Updated: Jul 12, 2019
Surfaces: sand, grass, sandy grass, grassy sand.
This has to be one of the worst playgrounds in Toronto, and given its location in the affluent Annex, it’s well overdue for a rejuvenation. It’s named after one of Canada’s most famous geologists (the dinosaur museum in Alberta is named after him) and it’s a sadly appropriate namesake, because the equipment is almost old enough to be straight out of pre-history.
With the top-notch Jean Sibelius Square Park nearby, I can’t imagine why anyone would take their kids here.
Well, actually, I can. Because I did. We were at a nearby sushi place for dinner with both kids, and it was getting pretty close to bedtime. In retrospect, we should have skipped the sushi, but pesky old retrospect has a nasty habit of only showing up after the fact.

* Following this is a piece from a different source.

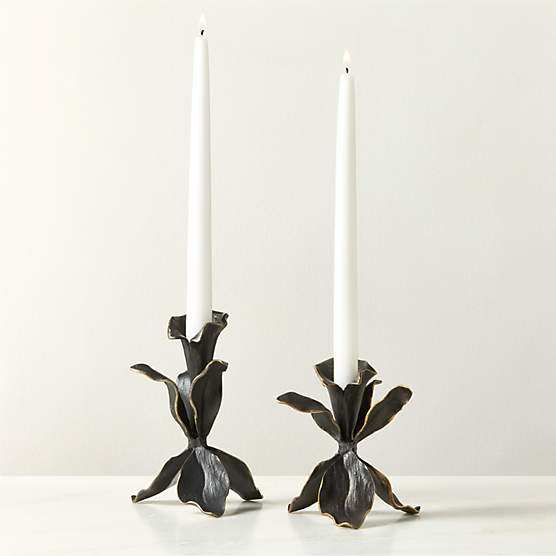 Iris Blackened Brass Taper Candle Holders Set of 2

If you’ve ever experienced a three-year-old and a one-year-old simultaneously hitting their ‘witching hour’, you know that a table full of rice and soy sauce is not a great place to be. So I left my grateful wife and mother-in-law in the restaurant, and took our son to this playground, which was just around the corner.
It was more fun than trying to clean up soy sauce and rice, but just barely.

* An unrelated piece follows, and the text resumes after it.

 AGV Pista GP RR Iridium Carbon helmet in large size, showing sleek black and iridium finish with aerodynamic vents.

The equipment is sparse, grimy, and probably as old as I am. Pretty much the only upside is that older swing sets tend to have longer chains, which means you can get some really good height on them. But as my son zipped down the slide, which was basically just a bent cookie sheet, I tried not to imagine how many generations of Brunswick House-induced vomit had slid down that same slide.
In conclusion, this is one of those “in case of emergency, break glass” kind of playgrounds. Oh, that reminds me- watch out for broken glass buried in the sand.